To that end, Vilsack announced an additional $1.8 billion for 21 new “climate innovation sprints” — collaborations that aim to solve a specific farm or food system challenge such as developing carbon-neutral irrigation pumps for smallholder farmers, developing climate-smart bean varieties, reducing water and fertilizer use and planting trees. In all, AIM for Climate has spent more than $3 billion on 51 such projects.
Vilsack also announced the launch of the USDA’s science and research strategy, which sets science priorities for the next three years. The priorities include accelerating innovative technologies, climate smart solutions, nutritions security and resilient ecosystems.
The summit, which runs through Wednesday, is intended to help set the stage for COP 28, to be held in November in the United Arab Emirates. Mariam Almheiri, the UAE’s minister of climate change and environment, promised that COP 28 will be a “game changer” for food systems.
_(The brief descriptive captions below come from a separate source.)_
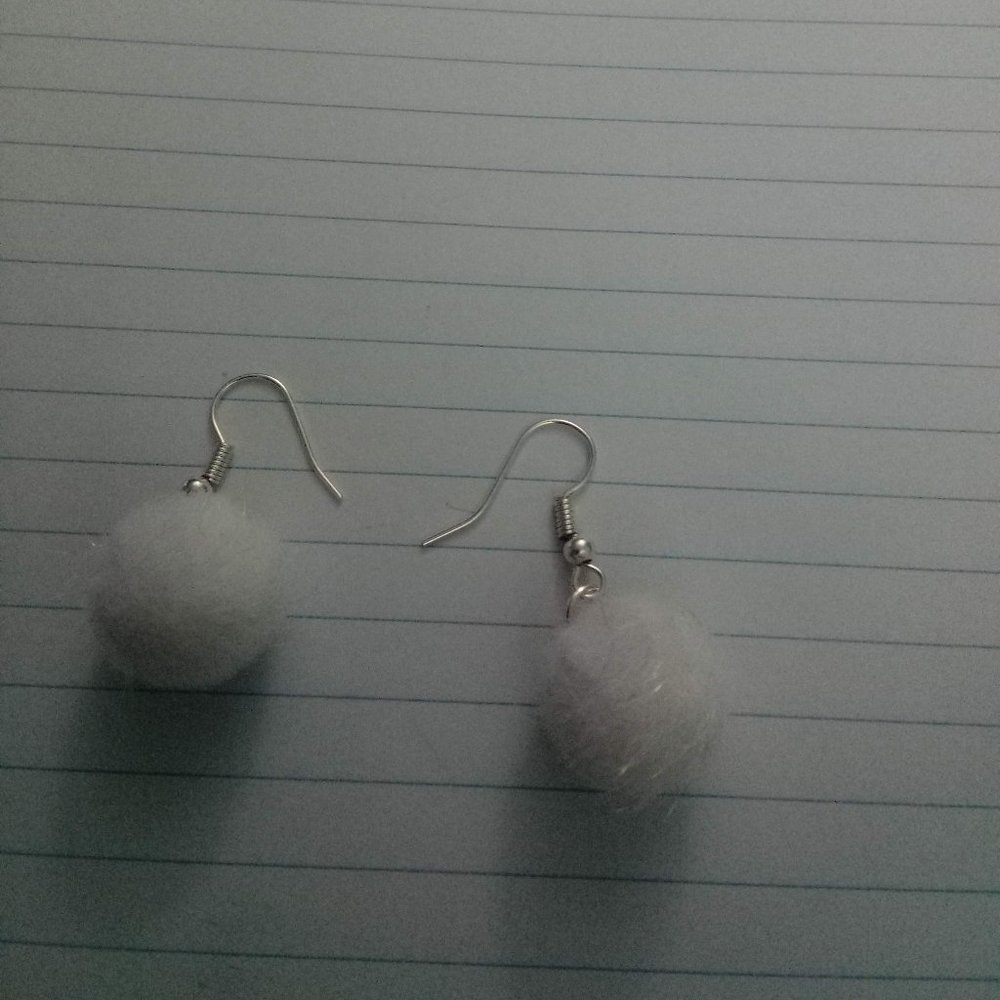 White Pom Pom Earrings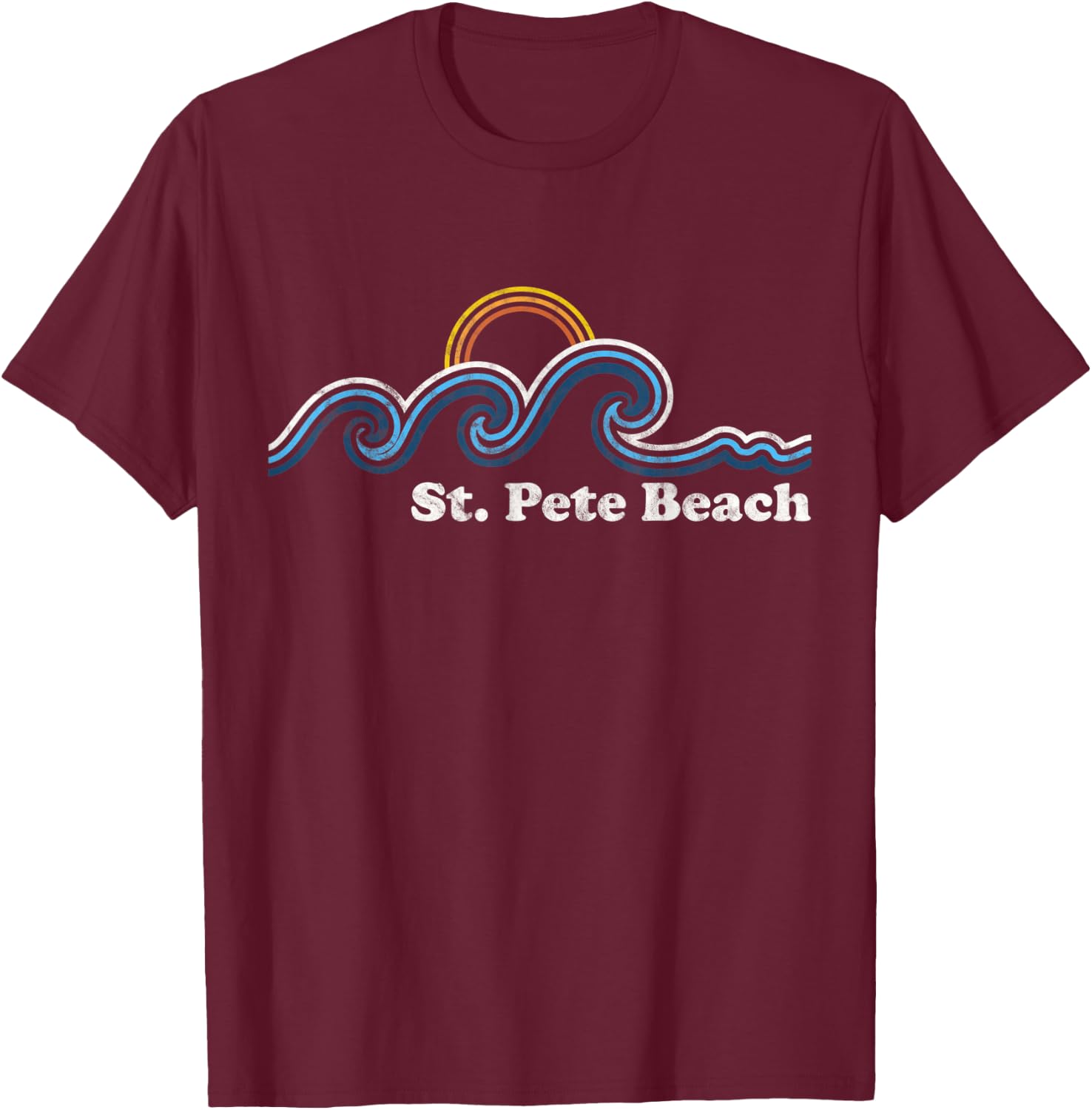St. Pete Beach Florida FL Sufing Waves Sunset Beach Vintage T-Shirt - T-Shirt | Maroon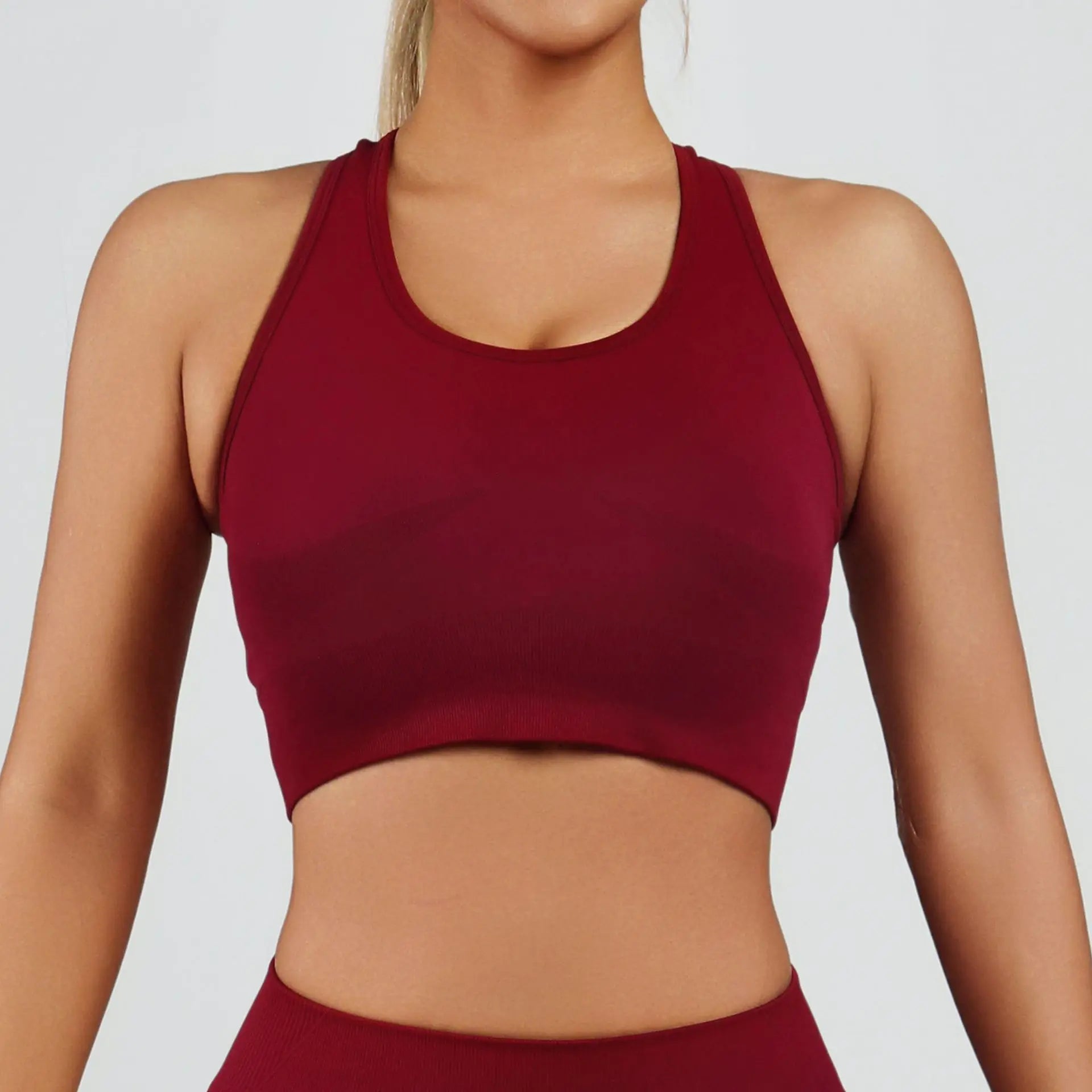Cross-Back Sports Bra for Women Seamless Yoga Bra with Chest Support and Padding Sports Clothes for Woman Lady Bras Tank Tops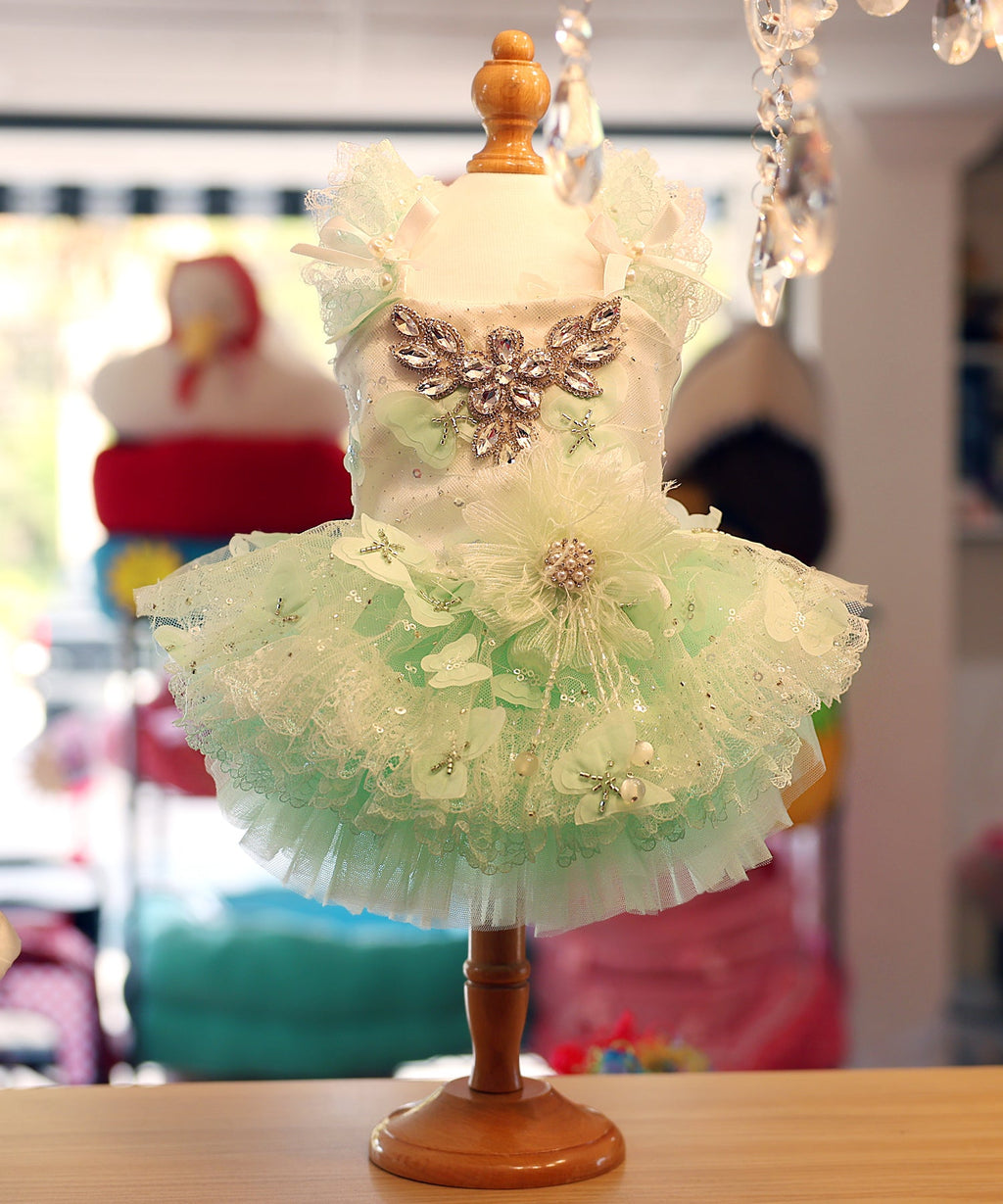 Mint Green Crystal Tulle Dog Party Dress | Elegant Pet Occasion Wear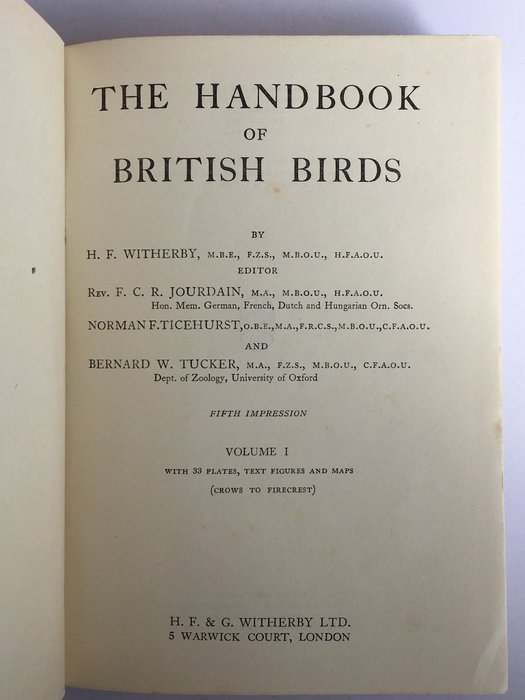 H F Witherby - The Handbook of British Birds (Volumes 1-5) - 1943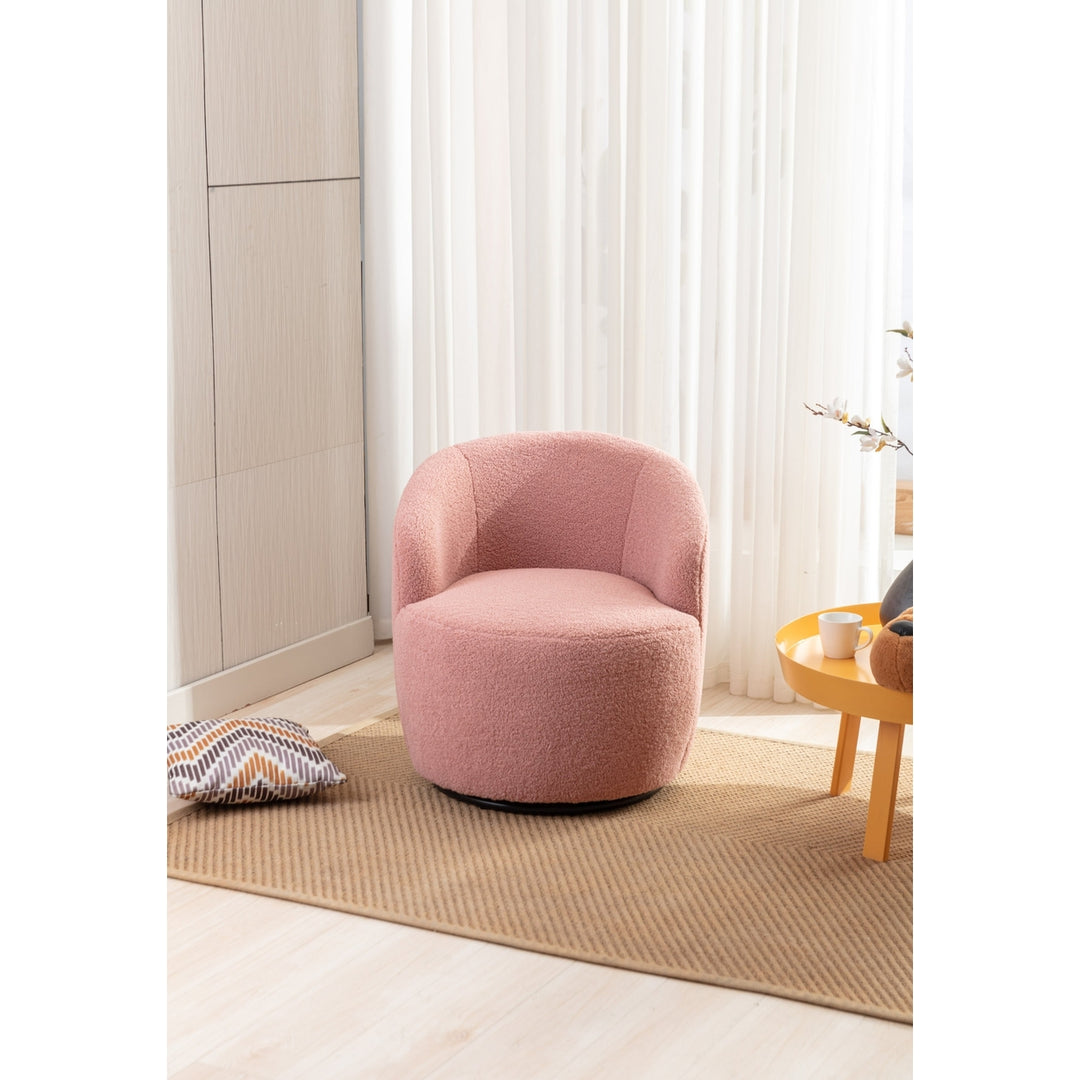 Light Pink Swivel Accent Barrel Chair with Metal Ring Comfortable Home Office Image 10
After his remarks, Vilsack interviewed former Vice President Al Gore, who owns a 400-acre farm in Tennessee and chairs a sustainability-focused investment firm. Gore’s farm uses a number of regenerative practices, including crop rotation, rotational grazing, seaweed supplements to reduce livestock’s methane emissions and no-till cultivation.
Gore sees huge promise in sequestering carbon in the soil. Researchers at his farm are working on ways to measure how much carbon farmers are able to sequester. The goal is to pay farmers for sequestering carbon, which will incentivize them to switch to more climate-friendly practices, he said.
Despite this optimism, as FERN has previously reported, a growing number of scientists say sequestering carbon in the soil may not live up to the hype, and caution that more research is needed to determine how much carbon is sequestered and under what conditions.
Gore also spoke of the need to halt the destruction of wild lands to expand agriculture. “Let’s use innovation and other techniques to get our yields up and not tear down the Amazon,” he said.
Gore added that he hoped Brazilian president Luiz Inácio Lula da Silva would follow through with his commitments to stop deforestation.
But while agricultural innovations can play a role in addressing climate change, Gore said the only real solution is to stop emissions from oil and gas. “The climate crisis is really a fossil fuel crisis,” he said. “Job number one is to reduce the production and use of fossil fuels.”
Humans have already caused irreversible damage to the planet, Gore said, such as setting into motion the melting of arctic ice. Still, he said that humanity can deal with the damage we’ve caused so far — if we can phase out fossil fuels.
“We’ve got to stop pretending that there’s going to be some magical technological solution,” he said. “We’ve got to obey the first law of holes. When you’re in one, stop digging.”